Application Layer Introduction

Application layer is the highest most layer in OSI and TCP/IP layered model and. This layer exists in both layered Models because of its significance which is interacting with user and user applications. This layer is for applications which are involved in communication system.
A user may or may not directly interacts with these applications. Application layer is where the actual communication is initiated and reflects. Because this layer is on the top of the layer stack it does not serve any other layers. Application layer takes the help of Transport and all layers below it to communicate or transfer its data to the remote host.
When an application layer protocol wants to communicate with its peer application layer protocol on remote hosts it hands over the data or information to the Transport layer. The transport layer does the rest of the things with help of all layers below it.

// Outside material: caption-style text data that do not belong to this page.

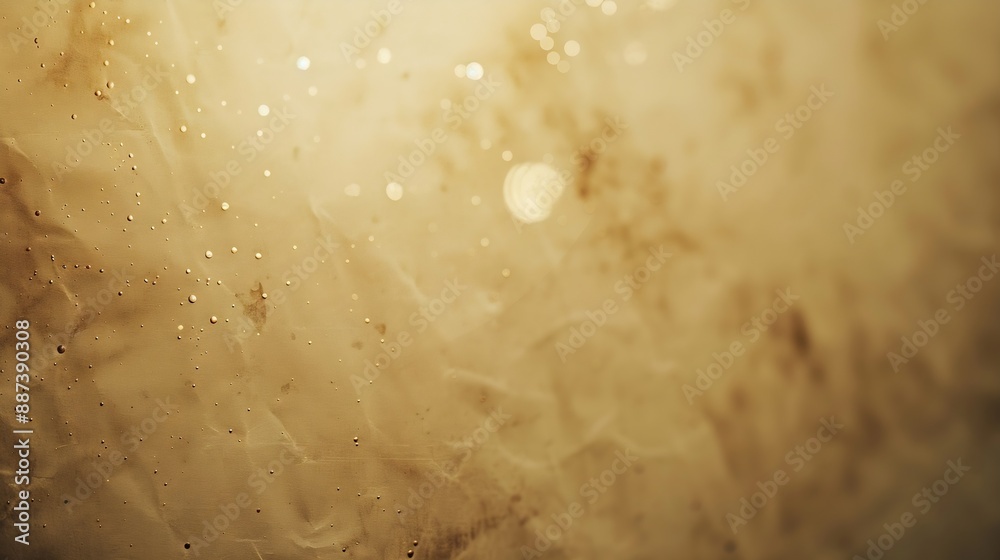 Aufkleber vintage background of old paper texture with spots isolated : generative ai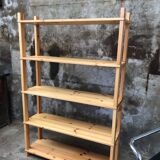 Chalet Pine Shelf Circa 1960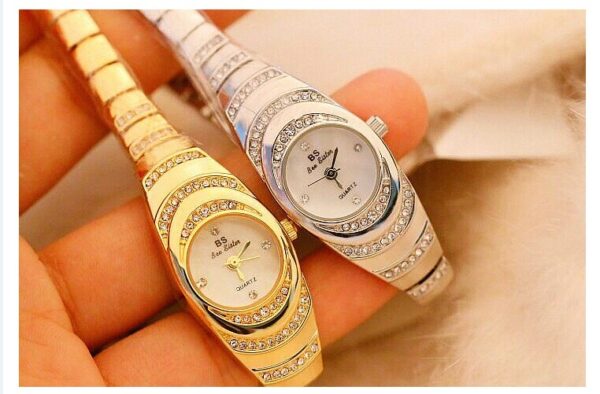 Ladies Gold Watch Diamond Wristwatch Female Fashion Bracelet Watches Women Full Diamond Watch - Image 4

[Image: Application Layer]
There’s an ambiguity in understanding Application Layer and its protocol. Not every user application can be put into Application Layer. Only application which interacts with the communication system. For example, a designing software or text-editor cannot be considered as application layer programs.
On the other hand when we use a Web Browser, which is actually using HTTP (Hyper Text Transfer Protocol) to interact with the network. So in this case, HTTP is Application Layer protocol which we take into consideration when we study layered models.
Another example is File Transfer Protocol, which helps a user to transfer a text based or binary file across the network. A user can use this protocol in either GUI based software like FileZilla or CuteFTP and the same user can use FTP in Command Line mode.
So it is not important what software you use, it the protocol which is considered at Application Layer used by that software. DNS is a protocol which helps user application protocols like HTTP to accomplish its work.